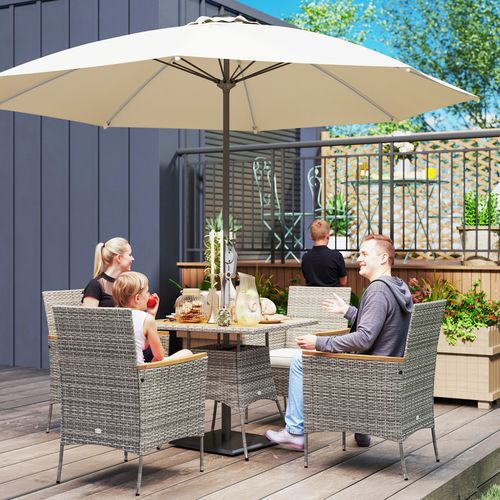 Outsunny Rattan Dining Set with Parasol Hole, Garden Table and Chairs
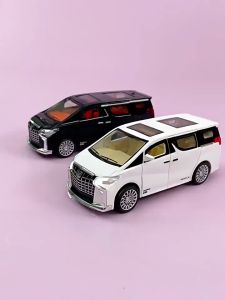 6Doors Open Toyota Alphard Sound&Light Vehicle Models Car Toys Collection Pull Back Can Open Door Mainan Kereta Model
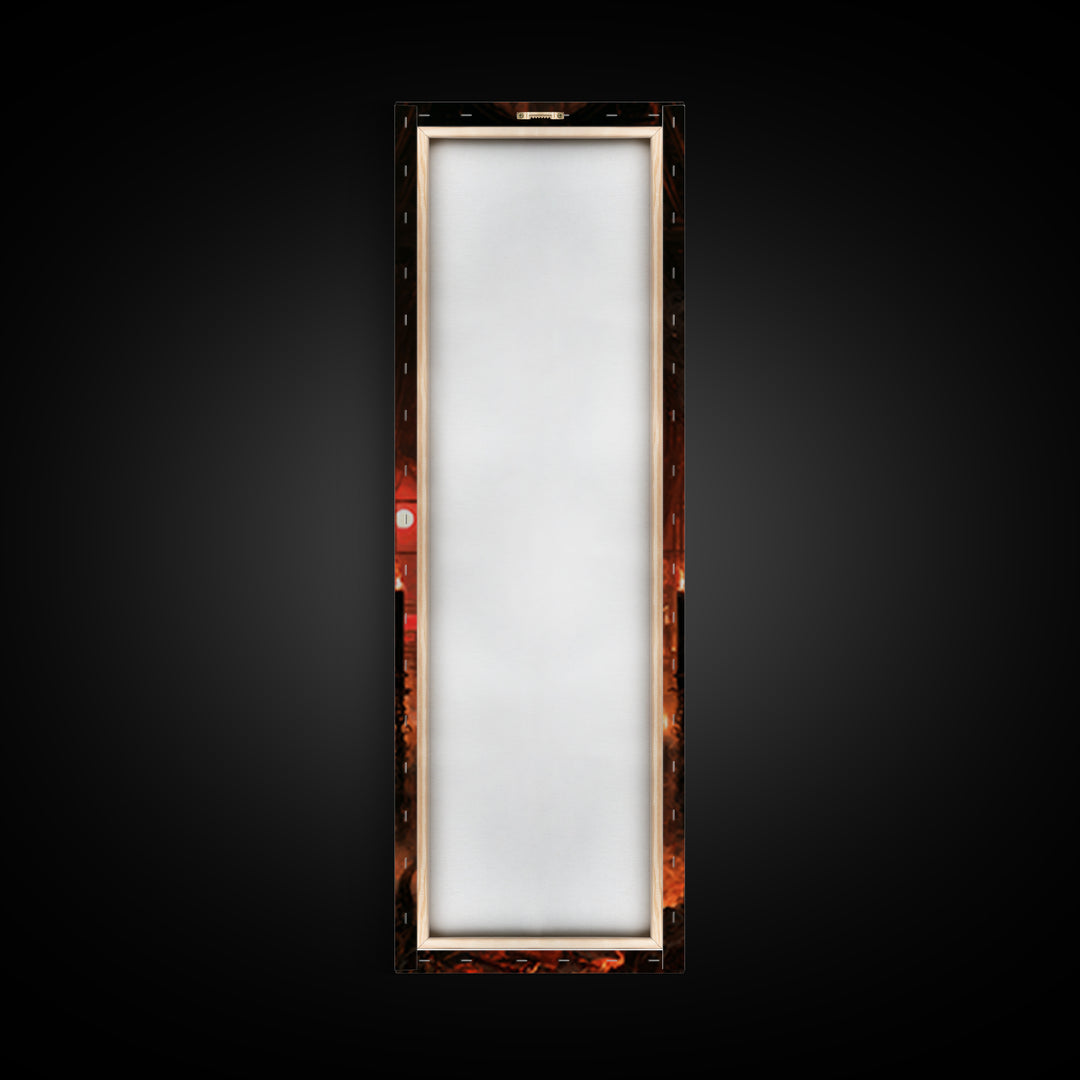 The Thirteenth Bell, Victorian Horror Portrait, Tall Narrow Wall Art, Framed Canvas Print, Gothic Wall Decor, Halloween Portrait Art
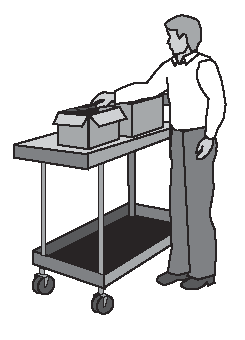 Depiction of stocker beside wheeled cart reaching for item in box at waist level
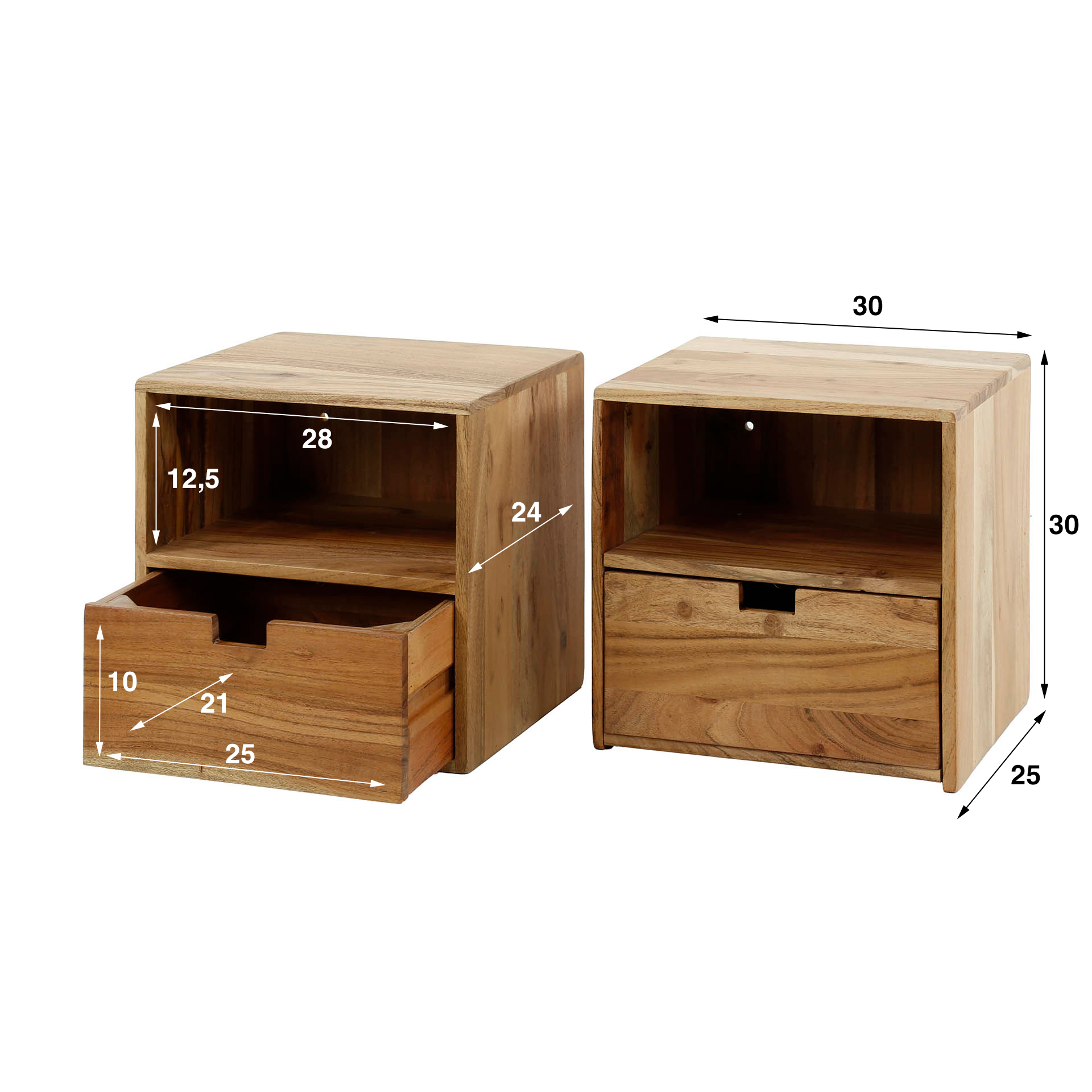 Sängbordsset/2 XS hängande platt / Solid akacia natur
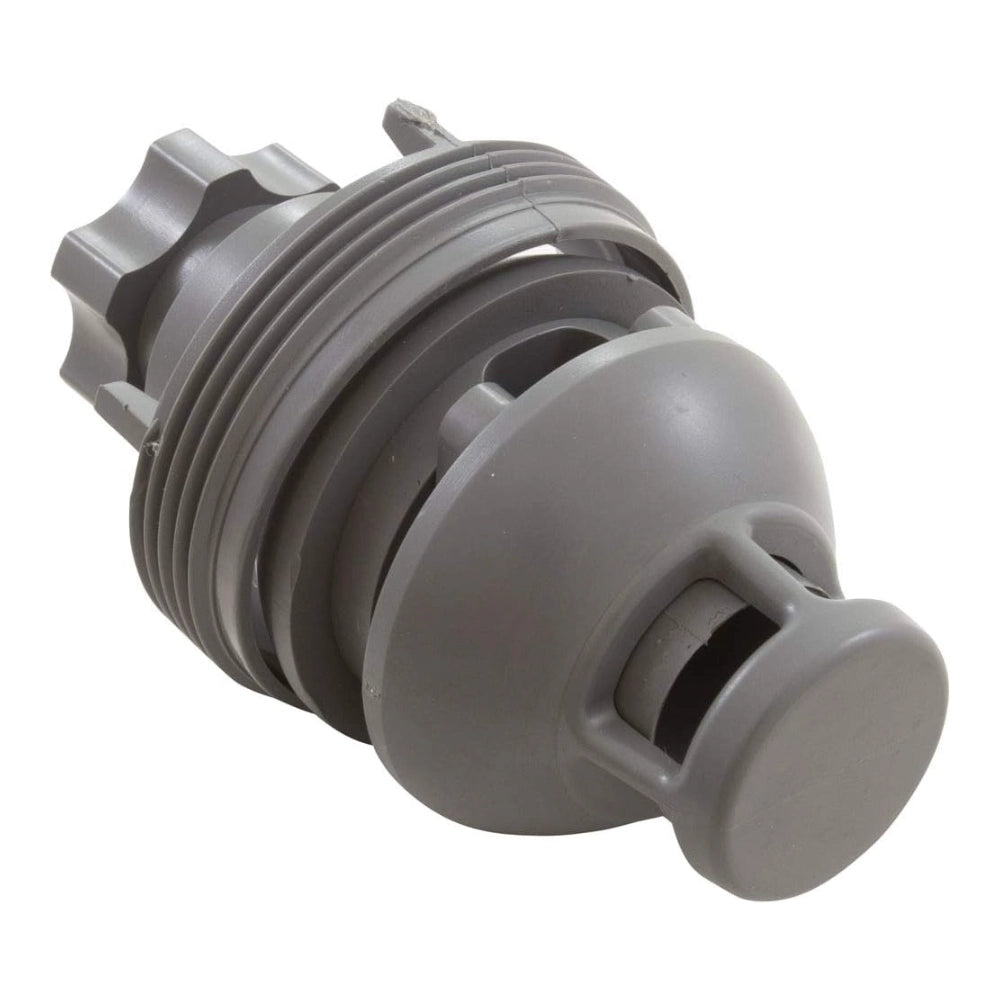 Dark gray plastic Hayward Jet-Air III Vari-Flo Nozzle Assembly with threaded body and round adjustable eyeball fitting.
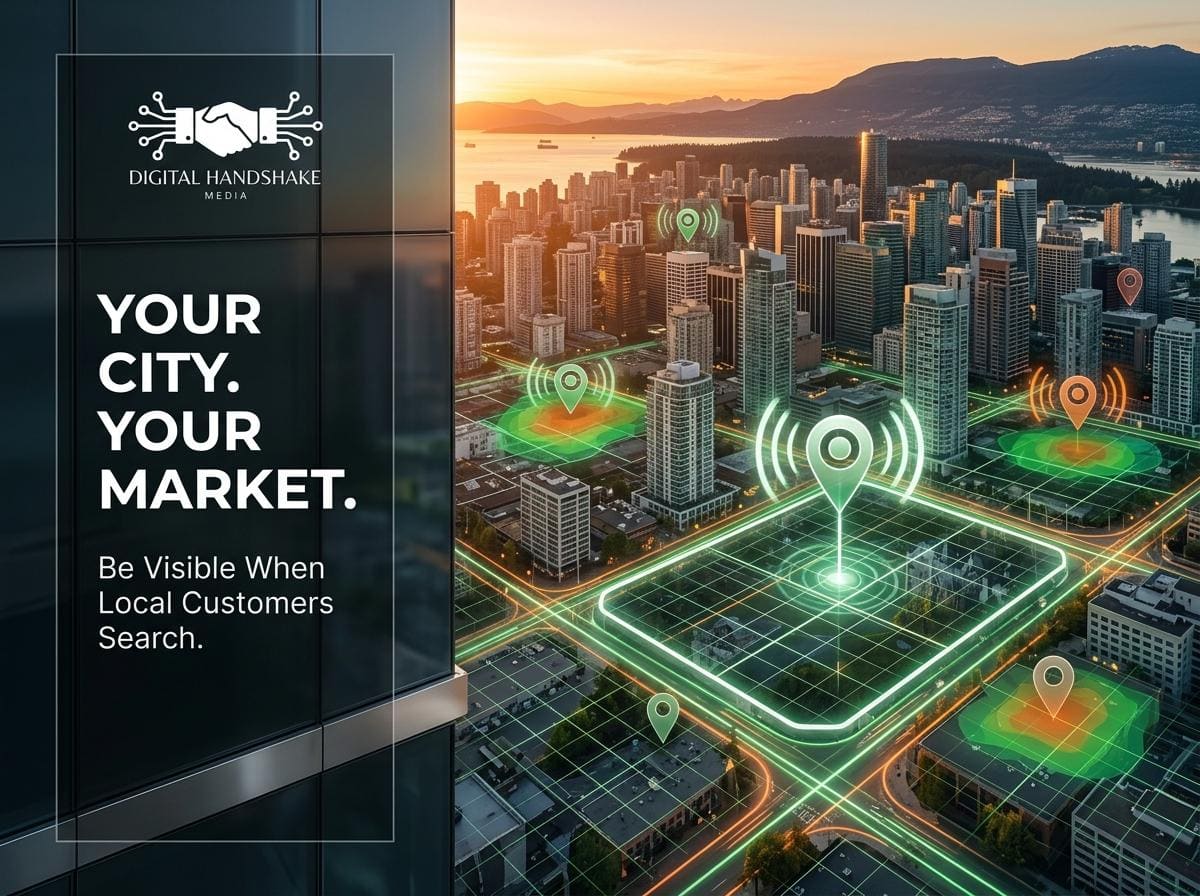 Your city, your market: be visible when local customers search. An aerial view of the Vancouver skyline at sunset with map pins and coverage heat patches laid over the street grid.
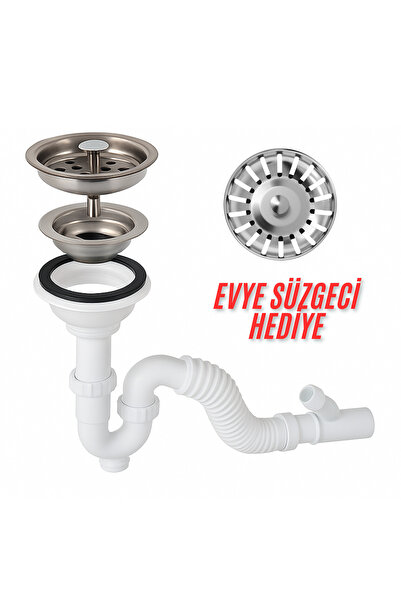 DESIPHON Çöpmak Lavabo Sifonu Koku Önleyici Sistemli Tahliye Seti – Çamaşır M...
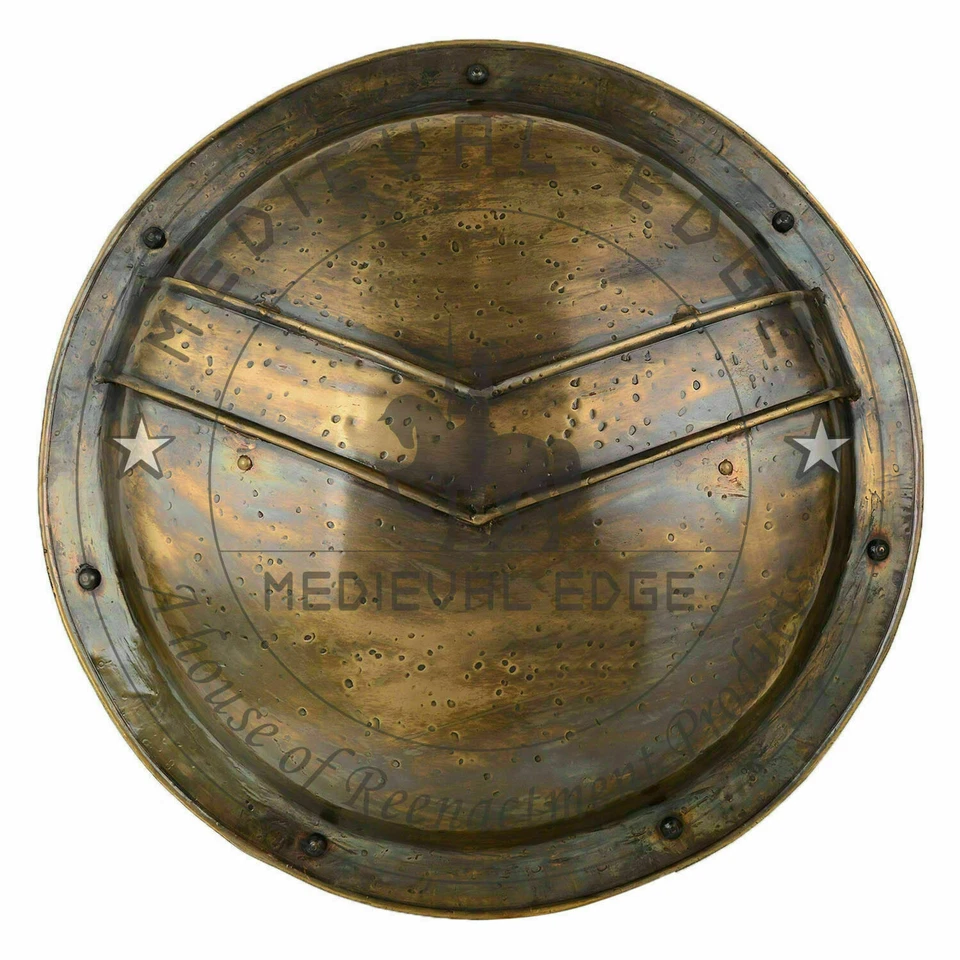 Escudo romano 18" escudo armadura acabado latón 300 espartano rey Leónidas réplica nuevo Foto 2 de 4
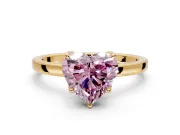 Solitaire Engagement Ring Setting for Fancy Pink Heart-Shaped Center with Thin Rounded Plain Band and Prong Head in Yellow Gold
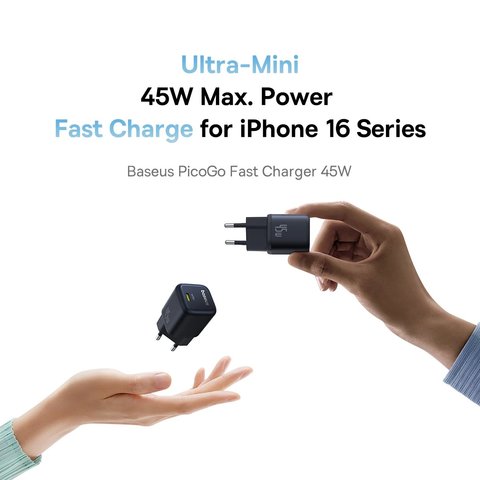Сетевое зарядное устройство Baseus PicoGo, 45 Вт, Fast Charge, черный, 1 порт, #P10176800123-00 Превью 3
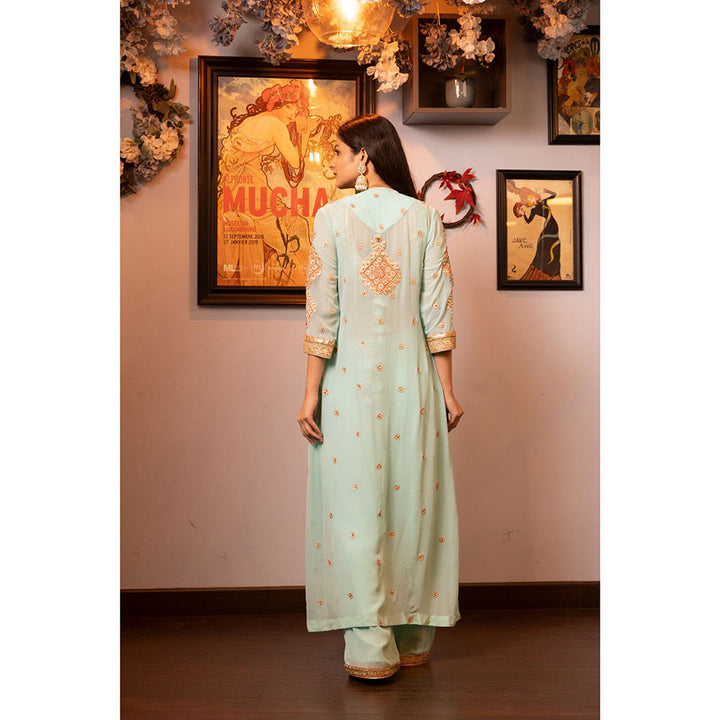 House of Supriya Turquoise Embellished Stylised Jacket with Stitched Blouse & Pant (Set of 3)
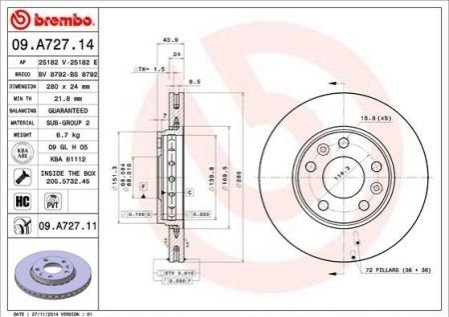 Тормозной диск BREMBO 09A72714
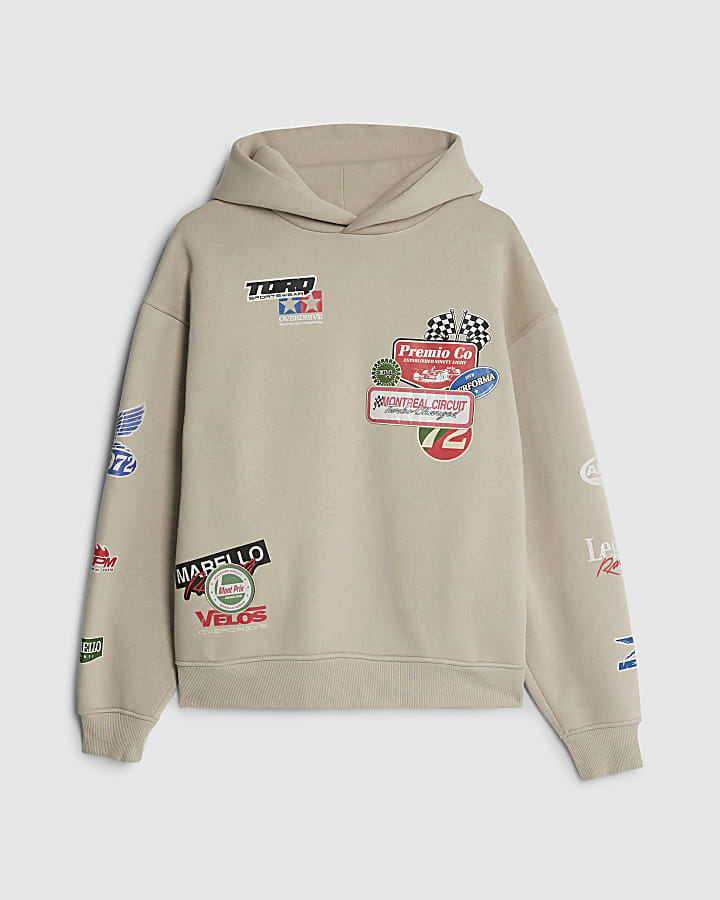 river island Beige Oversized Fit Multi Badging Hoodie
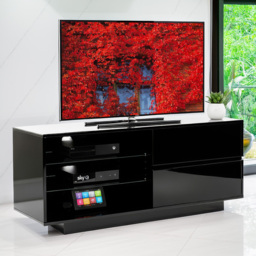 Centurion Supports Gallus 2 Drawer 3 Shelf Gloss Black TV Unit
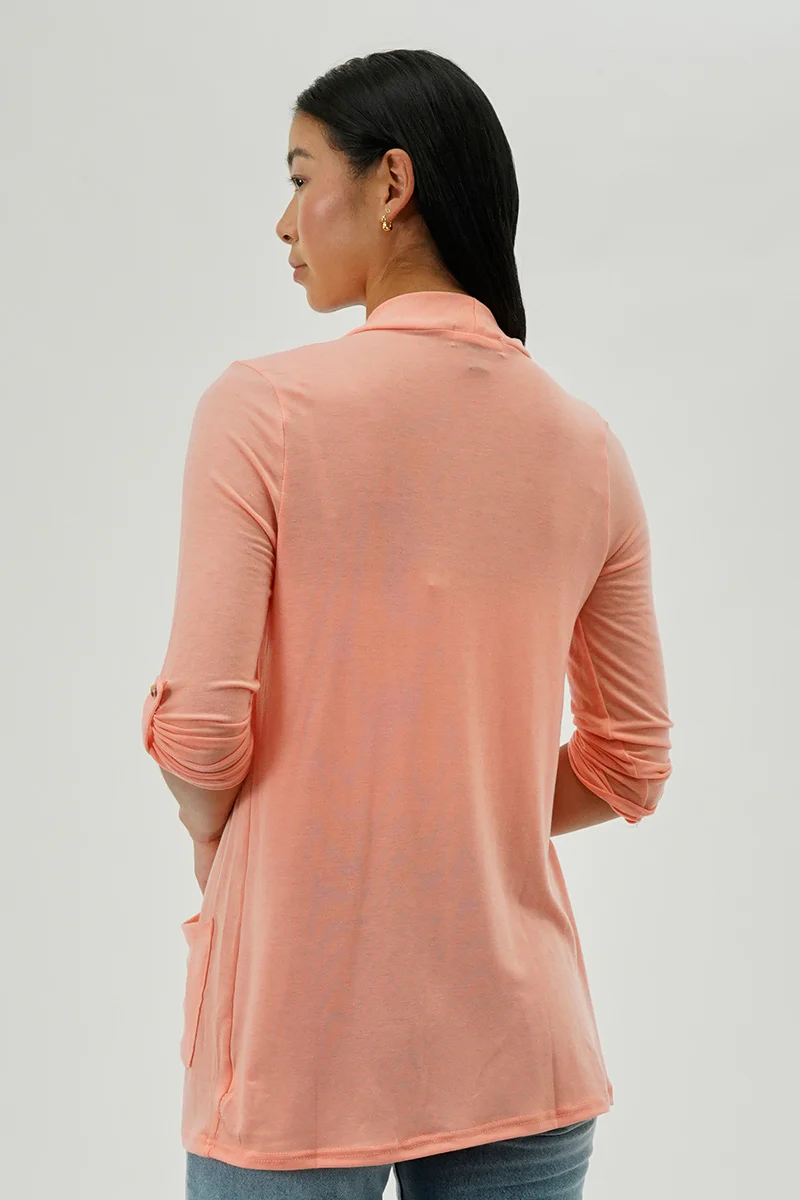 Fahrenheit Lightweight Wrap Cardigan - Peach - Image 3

Work required: Every line above goes into the copy unchanged; the pictures do not.

Response:
 Outsunny Rattan Dining Set with Parasol Hole, Garden Table and Chairs
 6Doors Open Toyota Alphard Sound&Light Vehicle Models Car Toys Collection Pull Back Can Open Door Mainan Kereta Model
 The Thirteenth Bell, Victorian Horror Portrait, Tall Narrow Wall Art, Framed Canvas Print, Gothic Wall Decor, Halloween Portrait Art
 Depiction of stocker beside wheeled cart reaching for item in box at waist level
 Sängbordsset/2 XS hängande platt / Solid akacia natur
 Dark gray plastic Hayward Jet-Air III Vari-Flo Nozzle Assembly with threaded body and round adjustable eyeball fitting.
 Your city, your market: be visible when local customers search. An aerial view of the Vancouver skyline at sunset with map pins and coverage heat patches laid over the street grid.
 DESIPHON Çöpmak Lavabo Sifonu Koku Önleyici Sistemli Tahliye Seti – Çamaşır M...
 Escudo romano 18" escudo armadura acabado latón 300 espartano rey Leónidas réplica nuevo Foto 2 de 4
 Solitaire Engagement Ring Setting for Fancy Pink Heart-Shaped Center with Thin Rounded Plain Band and Prong Head in Yellow Gold
Сетевое зарядное устройство Baseus PicoGo, 45 Вт, Fast Charge, черный, 1 порт, #P10176800123-00 Превью 3
 House of Supriya Turquoise Embellished Stylised Jacket with Stitched Blouse & Pant (Set of 3)
 Тормозной диск BREMBO 09A72714
 river island Beige Oversized Fit Multi Badging Hoodie
 Centurion Supports Gallus 2 Drawer 3 Shelf Gloss Black TV Unit
 Fahrenheit Lightweight Wrap Cardigan - Peach - Image 3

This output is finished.